The opening of image f by sub-image (structuring element) b, denoted f ○ b, is:

f \circ b = (f Θ b) \oplus b

(6)

Similarly, the closing of f by b, denoted f • b, is:

f • b = (f \oplus b) Θ b

(7)

Most of the gray-scale morphology operations, such as morphological smoothing gradient and top-hat transformation, can be realized by combining the gray-scale erosion and gray-scale dilation. This programmable vision chip implements the gray-scale image processing first after the image is captured. The gray-scale morphological operations are a powerful set of tools for extracting features of interesting objects in an image and recognizing them. Then it converts the gray-scale image to binary image and use binary mathematical morphology for subsequent processing, for example Thinning or Skeletons are the means to get the main part of target object. Table 1 shows the operation time performance of binary and gray-scale mathematical morphology on the structure of our chip.

2.2.3. Detecting a Void Image

A very useful function of the chip is to detect whether an image is a void image.
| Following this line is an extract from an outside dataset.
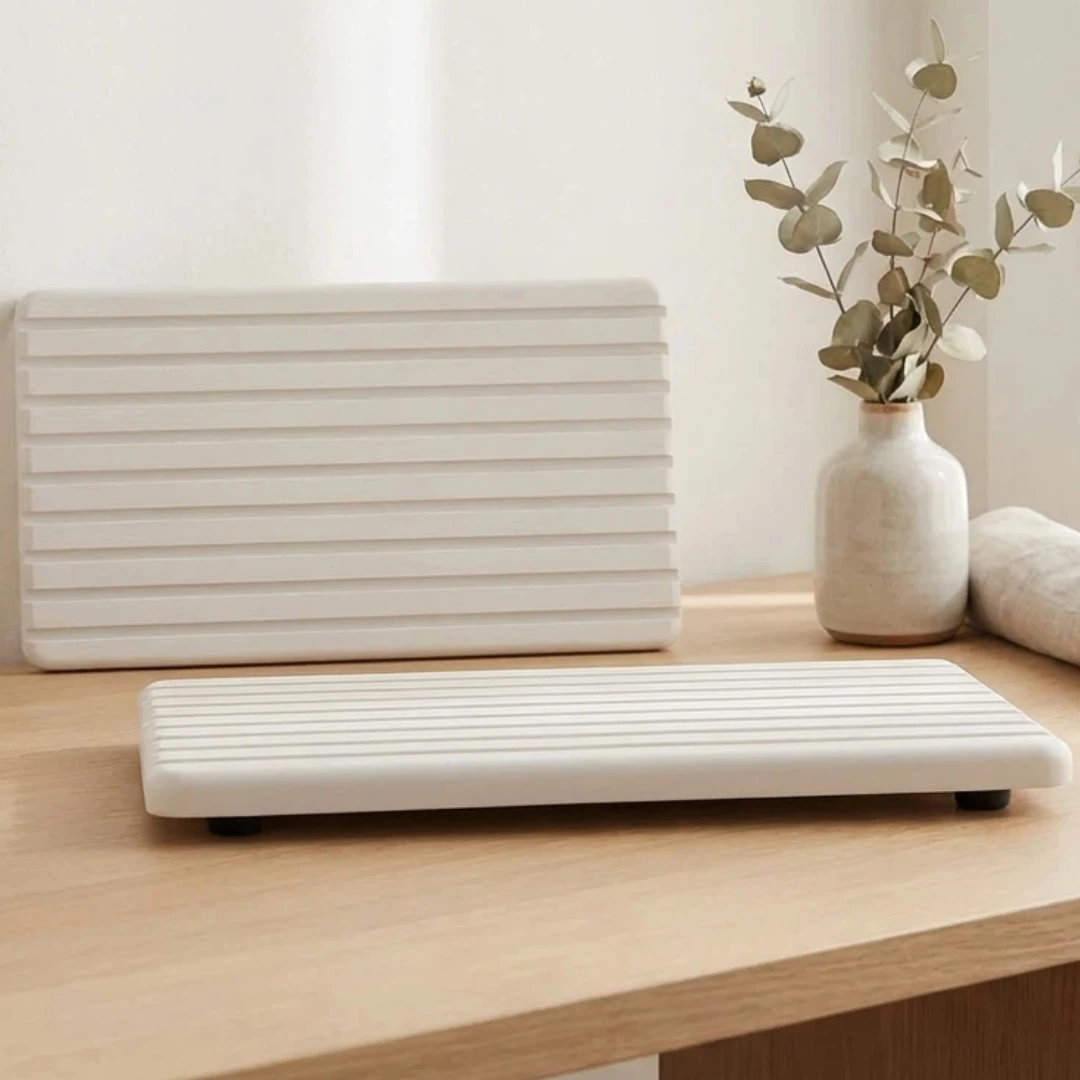 

2 шт. подставок из диатомита с рифлением – быстро впитывающий воду камень для мыла, растений и туалетных принадлежностей в современном доме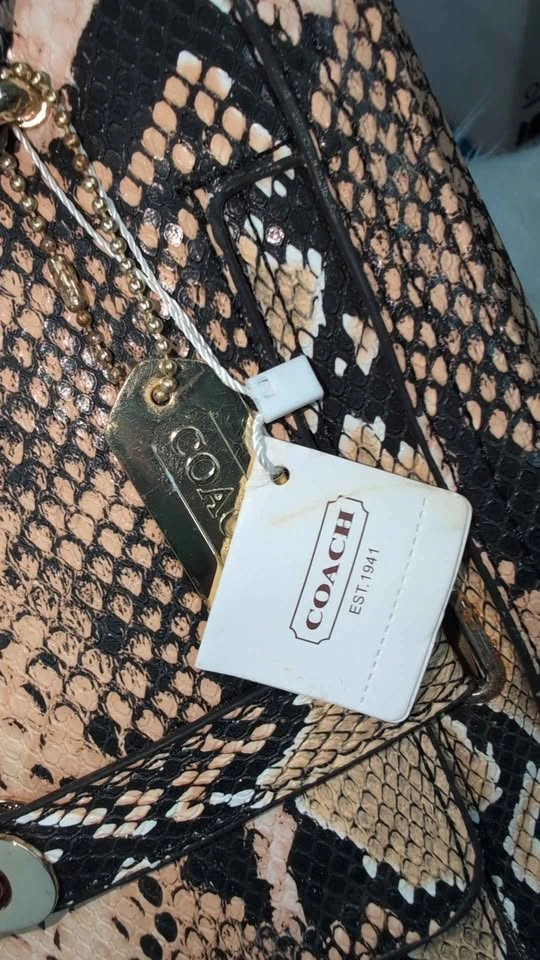 Coach Snake Print Leather Satchel – Neutral Tone | Like New - photo 2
After subtraction is performed between two images, whether the two images are equal is known by detecting if the result image is a void image. In many iterative algorithms the instruction controller usually terminates the iterative process by detecting a void image. The function of detecting a void image can be realized by the NOR gates and the Y processor. If the Y processor detects a void image, it will output logic ‘1’ at the port ‘void’. An example is shown in Figure 6(a).

2.2.4. Extracting the Range and the Center of a Region

The architecture of our chip is very efficient for getting the range and the center of the only one region in an image. If there are several regions in the image, it is required to separate them first. Figure 6(b) shows the global operation on the chip. The image in one register array projected onto the X-axis and the Y-axis by the operation of the 2N pseudo-NMOS NOR gates. The coordinates of the right edge x_min and the left edge x_max of the projection of the region on the X-axis are extracted in the X processor. The coordinates of the top edge y_min and the bottom edge y_max of the projection of the region on the Y-axis are extracted in the Y processor. The four edges indicate the range of the region and are sent to the coordinates output control module, where the center P_c(x_c, y_c) of the region is obtained as:

P_{c} (x_{c}, y_{c}) = P_{c} ((x_{min} + x_{max}) / 2, (y_{min} + y_{max}) / 2)

(8)

It needs only eight clock cycles to calculate the center and the range of a region. The frequency of the clock is determined by the NOR gates and the circuits in the X processor and the Y processor.

In some applications, such as target tracking, it usually needs to obtain a point to represent the position of an object. Comparing with extraction operation of the centroid by global summation that is used in other papers [11], the center of the target can be obtained by our vision chip easily and quickly.

2.2.5. Extracting the Coordinates of Activated Pixels

The results of mid-level image processing are that some image features that mostly appear as points, boundaries, edges or skeletons of the objects in the image. It is required to quickly send these features in certain format out of chip to perform further processing. The chip can extract coordinates of activated pixels in the image. Therefore those features in the image can be outputted as the coordinates of activated pixels so that the information transfer is fast without I/O bottleneck from the chip to other digital processors. Another reason of output features in coordinates is that coordinates are easy to be further handled. Many descriptors or representations such as area, curvature, and chain code can be directly obtained from coordinates.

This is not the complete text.